Madeleine LimMadeleine Lim is an award-winning filmmaker with over 25 years of experience as a producer, director, cinematographer and editor. Her films have screened at sold-out theaters at international film festivals around the world, including the Vancouver International Film Festival, Mill Valley Film Festival, and Amsterdam Amnesty International Film Festival. Her work has been featured at universities and museums like the de Young, and Asian Art in San Francisco, and Crocker Art in Sacramento, and broadcast to millions on PBS.

Lim’s films have received awards from the prestigious and highly competitive Paul Robeson Independent Media Fund, as well as the Frameline Film Completion Fund. She received the 1997 Award of Excellence from the San Jose Film & Video Commission’s Joey Awards and won the 1998 National Educational Media Network Bronze Apple Award. From 2000 to 2003, she was a California Arts Council Artist-in-Residence. The Featured Filmmaker at the 2006 APAture Asian American Arts Festival, Lim has four times been awarded the San Francisco Arts Commission Individual Artist Commission for her films. She received grants from the Community Story Fund from Cal Humanities and the San Francisco Foundation Bay Area Documentary Fund for her film, The Worlds of Bernice Bing (2013), which won the Audience Award at the 2013 Queer Women of Color Film Festival. She holds a BA in Cinema from San Francisco State University, where she was awarded Outstanding Cinema Student of the Year. Since 2004, she has been an Adjunct Professor in the Film/Media Studies Department at the University of San Francisco.

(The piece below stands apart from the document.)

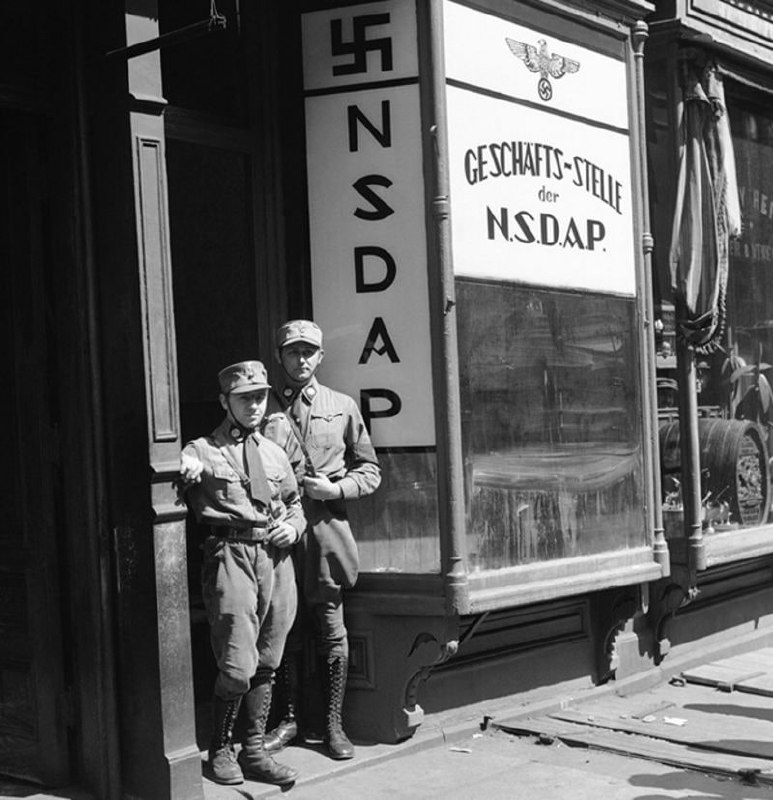 1932年4月1日，在纳粹党美国总部成立之日，两位穿着制服的美国纳粹分子在在纽约的办事处门口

At the age of 23, Lim escaped persecution by the Singaporean government for her organizing work as a young lesbian artist-activist. Ten years later, she created the award-winning documentary Sambal Belacan in San Francisco (1997), a film that is still banned in Singapore for its exploration of race, sexuality and nationality. As one of a small number of queer women of color filmmakers on the international film festival circuit in the late 1990s, she saw that only queer women of color would tell their own authentic stories. QWOCMAP is the result of her vision and she founded the organization in 2000 with the belief that a community of artist-activist filmmakers could change the face of filmmaking and the social justice movement.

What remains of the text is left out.